# Charge on a capacitor

Discussion in 'Electronic Design' started by ChrisGibboGibson, Nov 9, 2004.

1. ### ChrisGibboGibsonGuest

If we charge an air-spaced cap to 100 volts. Then increase the spacing between
the plates, what happens to the voltage?

Gibbo

2. ### John PopelishGuest

It goes up. There are several ways to imagine this without math.

The opposite charges on the plates cause them to attract each other.
It takes work to pull them apart against this attractive force. The
increase in distance also lowers the capacitance.
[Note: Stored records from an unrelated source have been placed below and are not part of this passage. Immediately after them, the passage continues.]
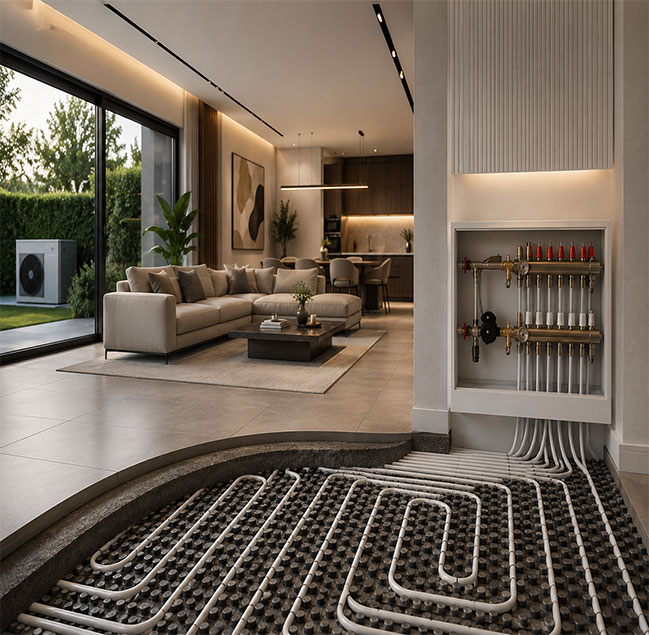 Villa içi premium yerden ısıtma uygulaması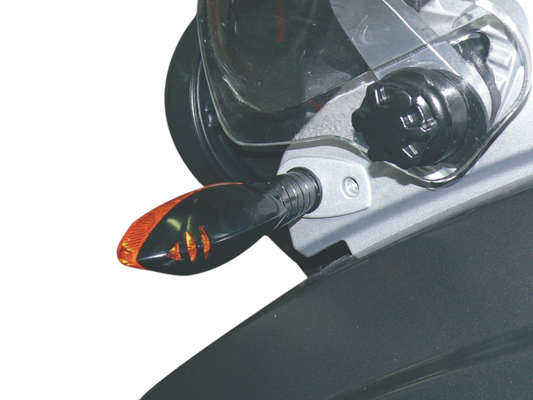 Microindicatori di Direzione Moto Alluminio Nero 86mm – vista laterale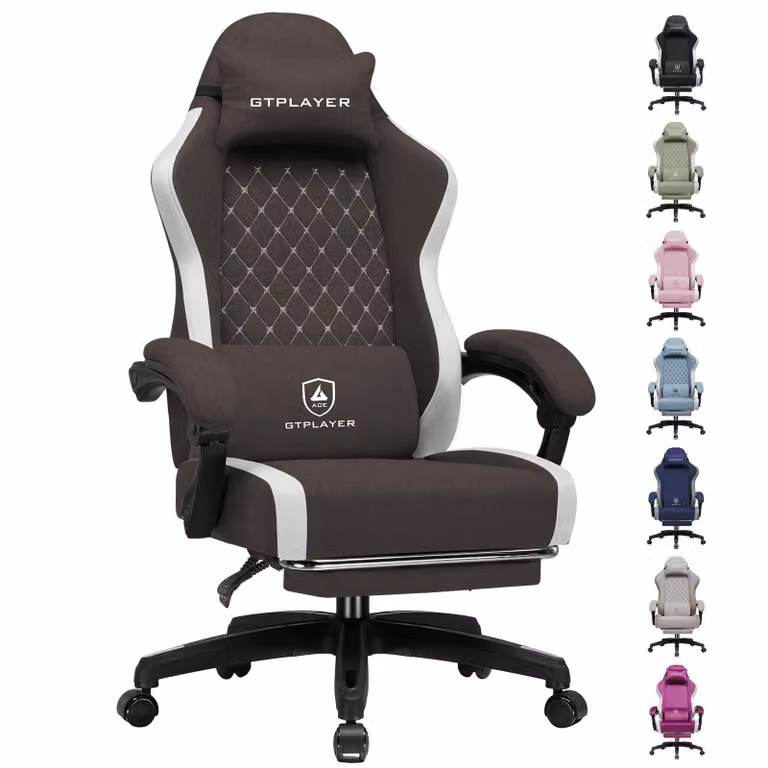 GTPLAYER Gaming Stoel, ergonomische computerstoel met voetsteun, bruin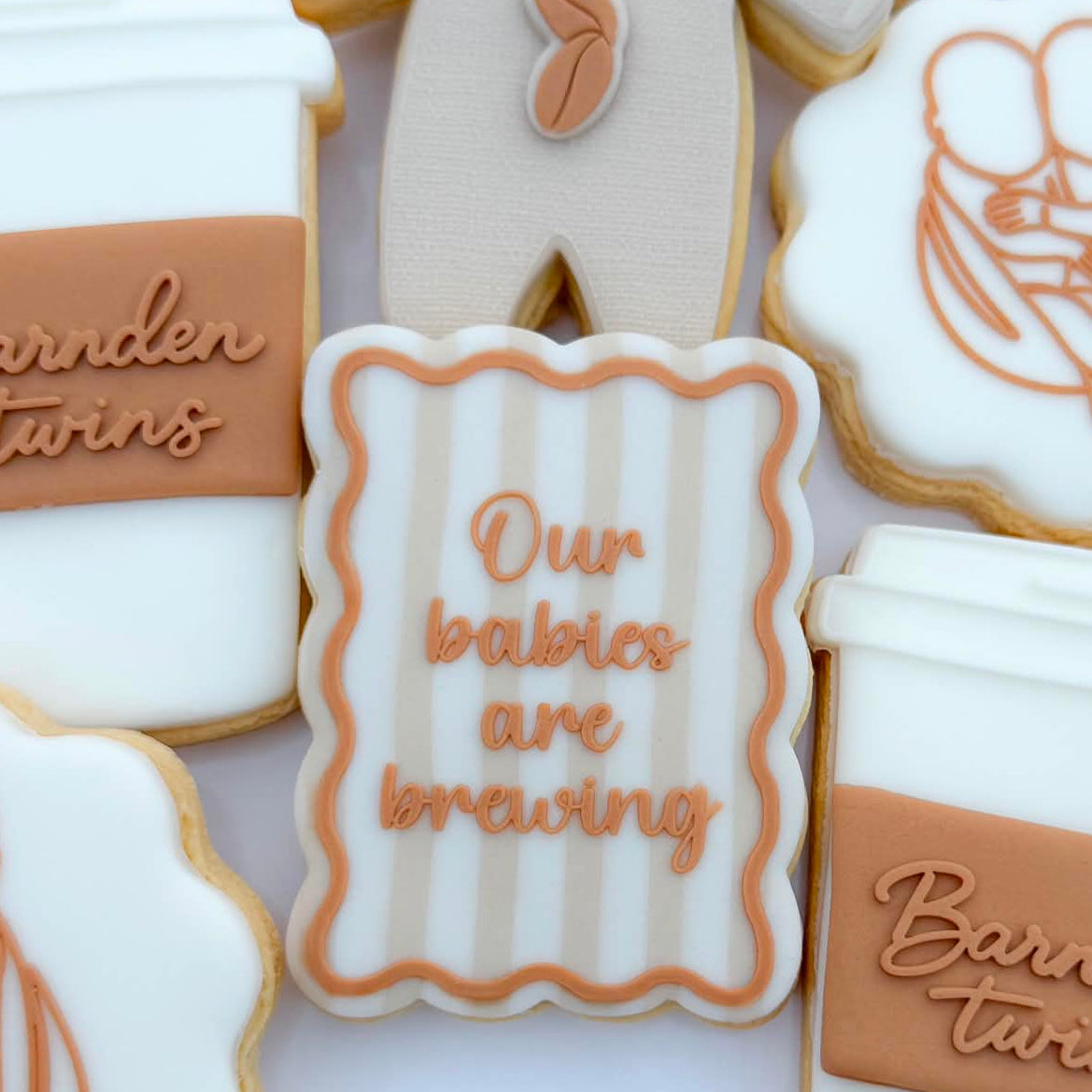 our babies are brewing twins takeaway coffee cup coffee beans baby shower cookie stamp cookie cutter stampandimpress
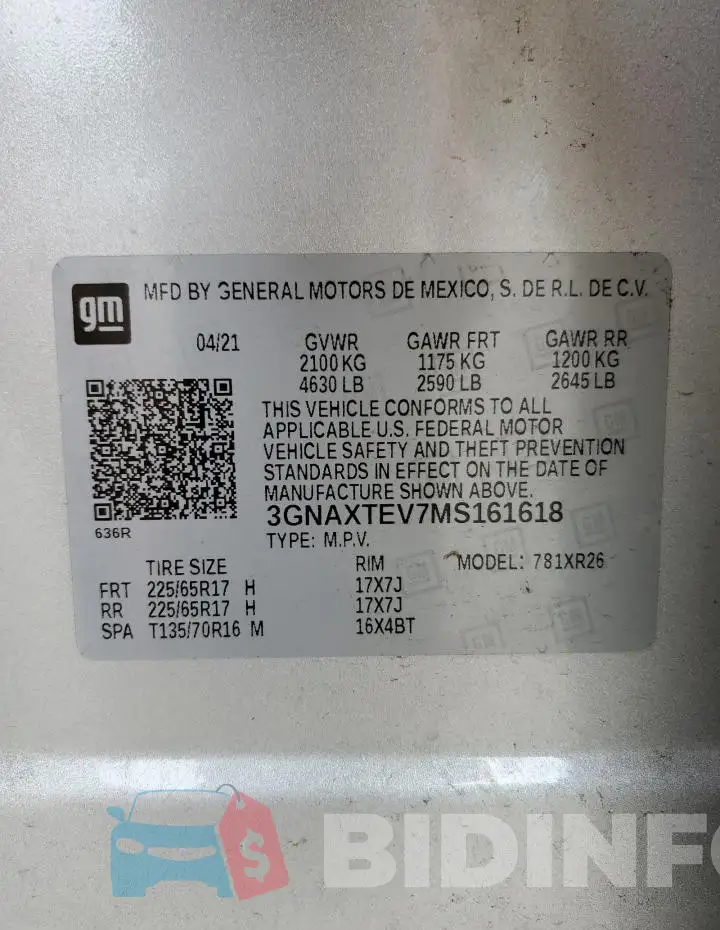 3GNAXTEV7MS161618 Photo# 14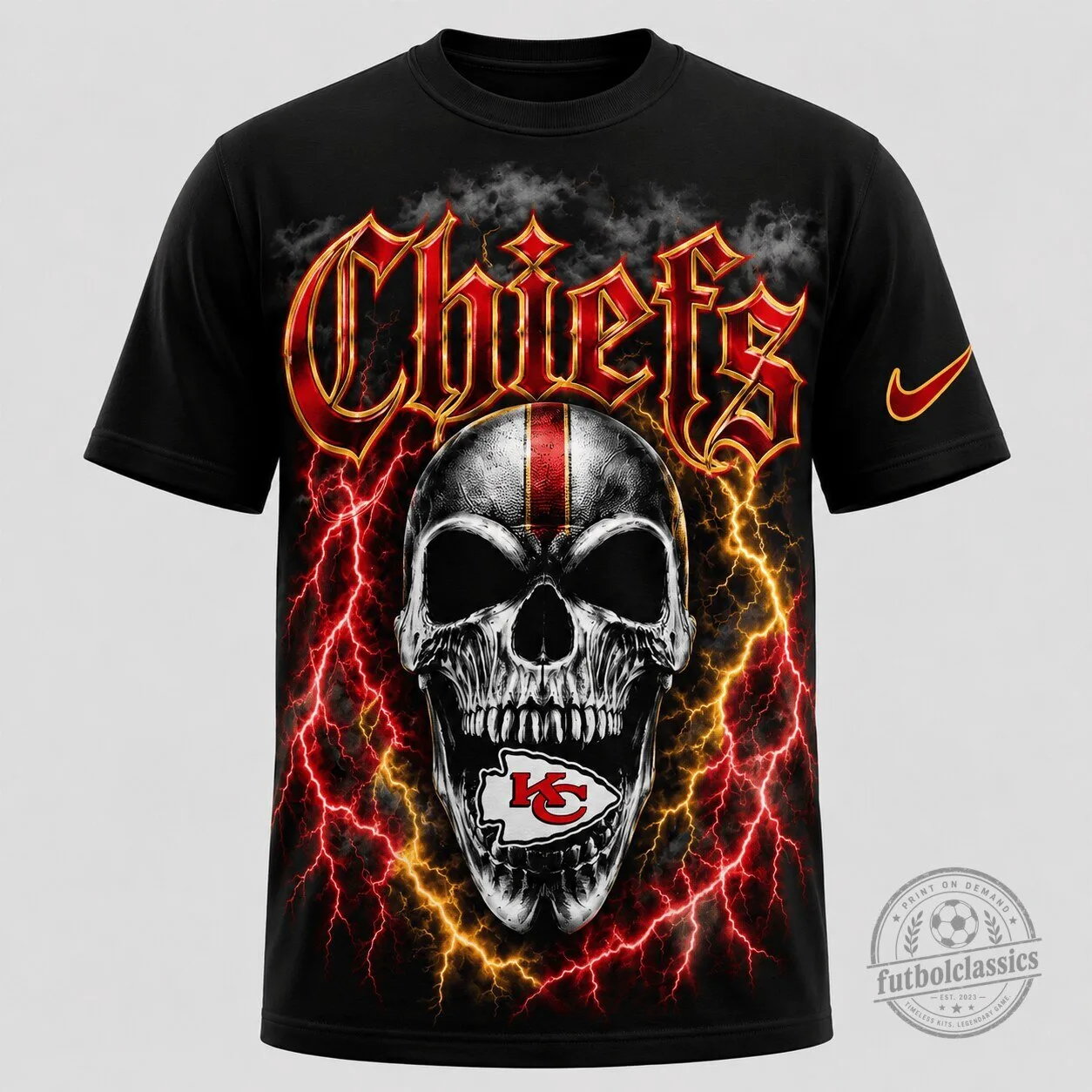 Kansas City Chiefs Skull Lightning Graphic T-Shirt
The electrical
energy stored in the cap is 1/2 * C * V^2. The only way the energy
can go up (because mechanical work was done on the cap, conservation
of energy and all that) in spite of the drop in capacitance is if the
voltage increases.

Another way to visualize this is to have two similar capacitors except
for the difference in spacing. Apply enough voltage across each to
force the same charge to be displaced through each. The one with the
bigger spacing (lower capacitance) will require more voltage to force
the same charge to move. If there were some way to get them so far
apart (or otherwise change the plates) that there was zero capacitance
between them it would take an infinite voltage to move that charge.

3. ### PN2222AGuest

Q = C V

C = epsilon A / D (ignoring fringing effects)

V = D / epsilon A (where epsilon A is a constant)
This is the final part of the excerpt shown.